Exercise aim> Among the entries below, one stretch runs from the line that contains "Hôm nay 16-2: Giá" through the line that contains "1305 EAGLE DRIVE". Repeat that stretch exactly, ends included, and only that.

Data records>
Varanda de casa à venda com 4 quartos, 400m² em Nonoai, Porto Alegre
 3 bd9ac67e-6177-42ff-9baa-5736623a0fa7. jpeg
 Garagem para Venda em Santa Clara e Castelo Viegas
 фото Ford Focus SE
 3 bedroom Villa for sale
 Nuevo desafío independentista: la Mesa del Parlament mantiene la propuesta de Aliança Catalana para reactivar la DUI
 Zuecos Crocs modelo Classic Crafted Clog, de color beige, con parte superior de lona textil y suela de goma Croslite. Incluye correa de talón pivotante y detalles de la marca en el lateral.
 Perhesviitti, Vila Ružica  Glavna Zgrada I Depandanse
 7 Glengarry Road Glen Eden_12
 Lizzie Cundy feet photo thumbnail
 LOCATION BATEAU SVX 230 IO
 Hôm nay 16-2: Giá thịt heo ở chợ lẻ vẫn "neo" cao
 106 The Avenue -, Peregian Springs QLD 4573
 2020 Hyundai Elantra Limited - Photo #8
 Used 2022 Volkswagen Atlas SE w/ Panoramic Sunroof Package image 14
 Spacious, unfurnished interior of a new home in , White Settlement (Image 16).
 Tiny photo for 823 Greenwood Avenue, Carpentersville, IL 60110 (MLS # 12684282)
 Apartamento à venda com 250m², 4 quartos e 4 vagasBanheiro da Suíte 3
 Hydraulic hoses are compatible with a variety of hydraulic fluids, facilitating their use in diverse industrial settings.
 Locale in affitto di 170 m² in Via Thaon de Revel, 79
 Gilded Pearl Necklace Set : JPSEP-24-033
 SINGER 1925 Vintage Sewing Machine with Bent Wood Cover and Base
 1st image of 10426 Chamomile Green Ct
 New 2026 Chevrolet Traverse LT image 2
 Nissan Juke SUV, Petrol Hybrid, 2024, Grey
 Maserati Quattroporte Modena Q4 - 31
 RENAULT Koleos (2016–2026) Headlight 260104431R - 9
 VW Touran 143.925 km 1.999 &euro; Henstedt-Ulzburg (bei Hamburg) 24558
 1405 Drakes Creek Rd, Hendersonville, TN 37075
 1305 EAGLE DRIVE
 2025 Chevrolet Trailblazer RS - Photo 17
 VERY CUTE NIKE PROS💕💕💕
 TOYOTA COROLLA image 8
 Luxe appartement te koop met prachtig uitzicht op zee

Exercise output>
 Hôm nay 16-2: Giá thịt heo ở chợ lẻ vẫn "neo" cao
 106 The Avenue -, Peregian Springs QLD 4573
 2020 Hyundai Elantra Limited - Photo #8
 Used 2022 Volkswagen Atlas SE w/ Panoramic Sunroof Package image 14
 Spacious, unfurnished interior of a new home in , White Settlement (Image 16).
 Tiny photo for 823 Greenwood Avenue, Carpentersville, IL 60110 (MLS # 12684282)
 Apartamento à venda com 250m², 4 quartos e 4 vagasBanheiro da Suíte 3
 Hydraulic hoses are compatible with a variety of hydraulic fluids, facilitating their use in diverse industrial settings.
 Locale in affitto di 170 m² in Via Thaon de Revel, 79
 Gilded Pearl Necklace Set : JPSEP-24-033
 SINGER 1925 Vintage Sewing Machine with Bent Wood Cover and Base
 1st image of 10426 Chamomile Green Ct
 New 2026 Chevrolet Traverse LT image 2
 Nissan Juke SUV, Petrol Hybrid, 2024, Grey
 Maserati Quattroporte Modena Q4 - 31
 RENAULT Koleos (2016–2026) Headlight 260104431R - 9
 VW Touran 143.925 km 1.999 &euro; Henstedt-Ulzburg (bei Hamburg) 24558
 1405 Drakes Creek Rd, Hendersonville, TN 37075
 1305 EAGLE DRIVE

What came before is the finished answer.